On doit noter d’ailleurs ici que Eugen Dühring appartient au courant du « positivisme », et que ses positions sont les mêmes que ses contemporains Ernst Mach et Richard Avenarius. Or, il y a une critique très connue de Mach et d’Avenarius : celle faite par Lénine dans « Matérialisme et empirio-criticisme ». Lénine a en fait défendu ce qu’enseigne l’anti-Dühring, en profitant des nouveaux acquis scientifiques de son époque.
De son côté, Eugen Dühring verra vite son influence s’effondrer dans la social-démocratie. Par contre, les courants anti-marxistes le soutiendront et Eugen Dühring va alors devenir le principal théoricien racialiste de la fin du XIXe siècle en Allemagne, formulant les principes de l’antisémitisme exterminateur.
Le moteur de la conception antisémite de Eugen Dühring repose bien évidemment sur le rejet de la dialectique de la nature. A la position de Friedrich Engels, Eugen Dühring oppose une vision où il y a bien évolution, mais raciale, avec donc la liquidation de ce qui relève du malade, du non-naturel, en l’occurrence donc selon lui les personnes juives.
Cet aspect n’a jamais été étudié, et pourtant il est intéressant de voir que dès l’époque de Friedrich Engels, il y a ainsi un « socialisme » anti-marxiste qui se forme, avec l’antisémitisme comme moteur anticapitaliste romantique.

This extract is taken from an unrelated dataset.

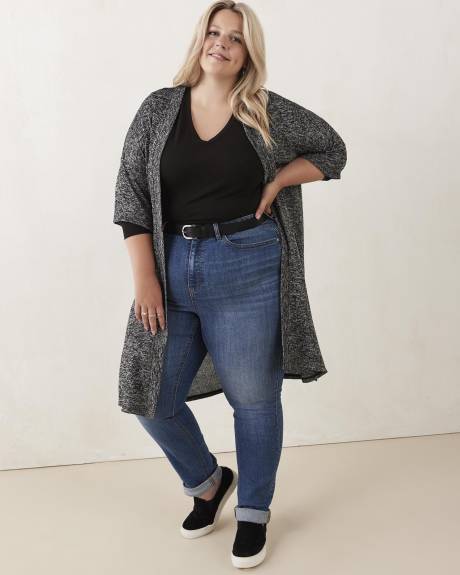 Girlfriend Tunic with V-Neck - PENN. Essentials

Eugen Dühring élabore toute une théorie antisémite où il considère que le judaïsme n’existe pas réellement, n’étant que le paravent d’un « parasitisme » juif. La seule solution à la question juive présentée ici comme « raciale », est forcément la liquidation, car l’enfermement régional amènerait cette « race nomade » à s’enfuir ou à tenter de conquérir le monde depuis une base.

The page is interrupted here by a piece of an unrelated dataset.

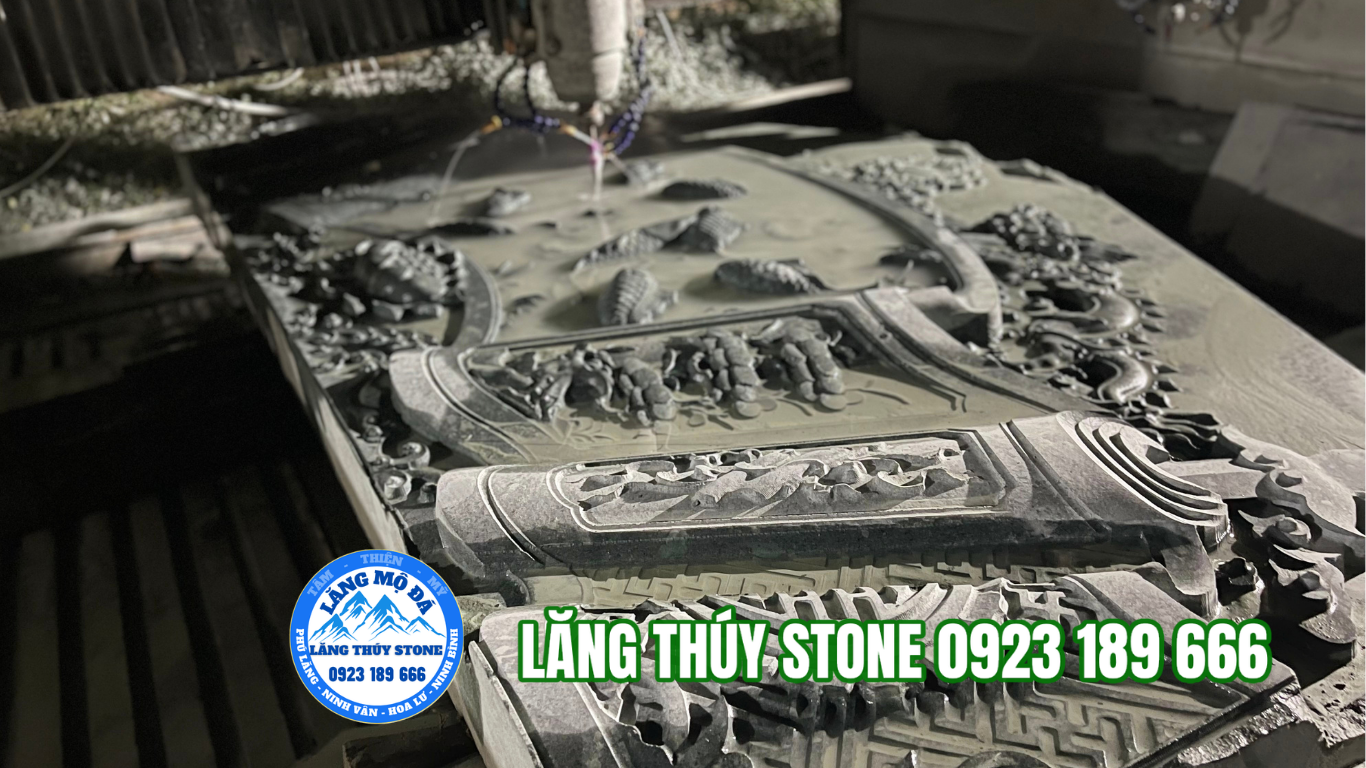 Xưởng sản xuất lăng mộ đá Ninh Bình – Lăng Thuý Stone Gia công chạm khắc hoa văn đá tại xưởng Lăng Thuý Stone Ninh Bình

Il faut cependant faire attention et ne pas penser que Eugen Dühring formule un darwinisme racial, où les peuples sont en concurrence et seuls les meilleurs survivent. Eugen Dühring raisonne en terme d’évolution générale, où seuls les aryens seraient « humains » réellement, les personnes juives n’étant pas considérées comme humaines, mais comme des sortes de parasites géants.

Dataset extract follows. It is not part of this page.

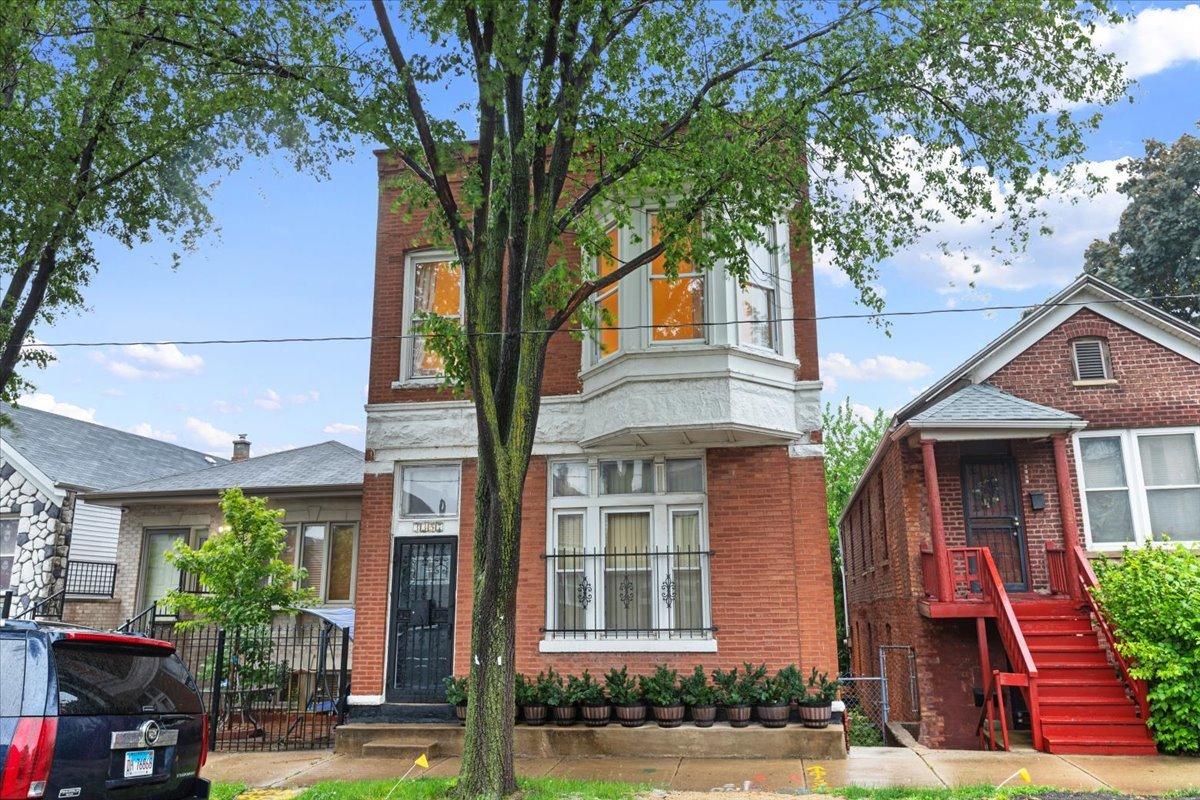 3357 S Oakley Ave., Chicago, IL 60608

Il n’est pas difficile de voir ici dans quelle mesure on retrouve ici des thèmes qui deviendront traditionnels dans l’antisémitisme. Or, il est ici évident que la constitution d’une théorie racialiste exactement contemporaine au début du matérialisme dialectique est une réponse à celui-ci. Eugen Dühring, parce qu’il rejette le marxisme, transforme l’antisémitisme religieux en antisémitisme racialiste.
La particularité de ses offensives idéologiques est de combattre à tout prix les conversions et de lancer des appels pour considérer les personnes juives comme une race à part, à supprimer physiquement, cela étant valable pour chaque individu, pour des raisons « raciales ».
Tout cela est pour Eugen Dühring le seul moyen de constituer une anti-idéologie suffisamment forte. Il a besoin de remplacer la formidable dimension du matérialisme dialectique par quelque chose d’au moins aussi fort, et pour cela il propose une « aventure » de type « racial ».
A l’optimisme radical de la lutte des classes du matérialisme dialectique, Eugen Dühring oppose un optimisme racial. Il est évident qu’il y a là un événement historique, et une perspective à comprendre absolument.